[Short descriptive text snippets]
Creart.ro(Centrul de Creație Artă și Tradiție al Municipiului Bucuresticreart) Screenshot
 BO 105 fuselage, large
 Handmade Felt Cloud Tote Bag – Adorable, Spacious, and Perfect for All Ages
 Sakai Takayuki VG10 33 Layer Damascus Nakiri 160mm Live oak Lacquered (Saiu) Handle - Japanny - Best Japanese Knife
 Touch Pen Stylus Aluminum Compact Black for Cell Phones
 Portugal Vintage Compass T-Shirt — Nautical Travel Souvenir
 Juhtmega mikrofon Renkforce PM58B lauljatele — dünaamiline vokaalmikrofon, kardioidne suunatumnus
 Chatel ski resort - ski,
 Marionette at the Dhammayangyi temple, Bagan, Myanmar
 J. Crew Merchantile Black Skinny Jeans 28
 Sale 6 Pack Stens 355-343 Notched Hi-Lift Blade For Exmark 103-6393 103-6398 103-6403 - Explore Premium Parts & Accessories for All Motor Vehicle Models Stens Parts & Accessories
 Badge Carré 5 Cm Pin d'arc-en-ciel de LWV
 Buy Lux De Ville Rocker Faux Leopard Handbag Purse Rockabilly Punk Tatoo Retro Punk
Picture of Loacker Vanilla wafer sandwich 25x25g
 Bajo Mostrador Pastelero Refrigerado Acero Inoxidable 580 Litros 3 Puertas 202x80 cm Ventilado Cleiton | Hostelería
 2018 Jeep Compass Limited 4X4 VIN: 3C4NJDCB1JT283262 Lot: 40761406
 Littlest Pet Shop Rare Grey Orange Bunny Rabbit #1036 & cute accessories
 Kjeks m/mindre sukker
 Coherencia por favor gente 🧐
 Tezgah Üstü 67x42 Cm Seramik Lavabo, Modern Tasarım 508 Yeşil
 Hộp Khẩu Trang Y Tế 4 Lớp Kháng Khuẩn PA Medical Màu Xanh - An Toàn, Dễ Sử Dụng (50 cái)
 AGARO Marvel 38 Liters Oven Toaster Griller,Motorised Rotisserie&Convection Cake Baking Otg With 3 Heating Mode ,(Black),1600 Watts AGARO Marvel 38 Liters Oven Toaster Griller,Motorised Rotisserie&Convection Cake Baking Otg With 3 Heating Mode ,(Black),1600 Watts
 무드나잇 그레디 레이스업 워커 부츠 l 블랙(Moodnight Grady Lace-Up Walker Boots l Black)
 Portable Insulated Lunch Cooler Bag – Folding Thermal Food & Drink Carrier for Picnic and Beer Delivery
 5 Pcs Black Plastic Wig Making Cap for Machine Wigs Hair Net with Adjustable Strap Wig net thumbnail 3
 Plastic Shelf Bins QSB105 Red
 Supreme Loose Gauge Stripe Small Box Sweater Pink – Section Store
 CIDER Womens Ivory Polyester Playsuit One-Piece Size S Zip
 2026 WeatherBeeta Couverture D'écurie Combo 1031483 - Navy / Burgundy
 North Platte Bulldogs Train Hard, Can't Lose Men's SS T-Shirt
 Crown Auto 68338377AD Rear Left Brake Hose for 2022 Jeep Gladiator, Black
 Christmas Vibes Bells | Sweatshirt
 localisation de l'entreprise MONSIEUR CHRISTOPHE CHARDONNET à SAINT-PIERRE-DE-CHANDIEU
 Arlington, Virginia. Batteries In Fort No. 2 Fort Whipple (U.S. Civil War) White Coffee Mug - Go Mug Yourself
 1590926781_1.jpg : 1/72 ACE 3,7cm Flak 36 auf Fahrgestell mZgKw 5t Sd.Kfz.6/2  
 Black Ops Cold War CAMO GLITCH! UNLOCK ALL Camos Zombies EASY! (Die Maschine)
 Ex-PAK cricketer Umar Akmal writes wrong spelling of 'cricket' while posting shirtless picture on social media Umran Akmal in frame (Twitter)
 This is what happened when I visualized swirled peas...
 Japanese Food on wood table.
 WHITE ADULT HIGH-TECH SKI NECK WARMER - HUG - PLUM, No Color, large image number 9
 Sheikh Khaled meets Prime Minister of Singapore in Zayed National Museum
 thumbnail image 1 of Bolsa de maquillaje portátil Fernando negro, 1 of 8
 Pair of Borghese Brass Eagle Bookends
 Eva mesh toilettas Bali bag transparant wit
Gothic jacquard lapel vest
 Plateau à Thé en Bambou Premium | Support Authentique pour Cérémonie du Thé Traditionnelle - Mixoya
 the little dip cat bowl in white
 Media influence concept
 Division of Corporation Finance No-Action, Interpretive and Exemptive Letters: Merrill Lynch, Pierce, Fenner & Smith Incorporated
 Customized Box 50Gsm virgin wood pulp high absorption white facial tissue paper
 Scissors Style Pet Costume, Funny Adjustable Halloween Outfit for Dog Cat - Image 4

• **What you will do**
Answer with a single number: the count of lines in the entries that hold the word "Adjustable".

• **Written response**
2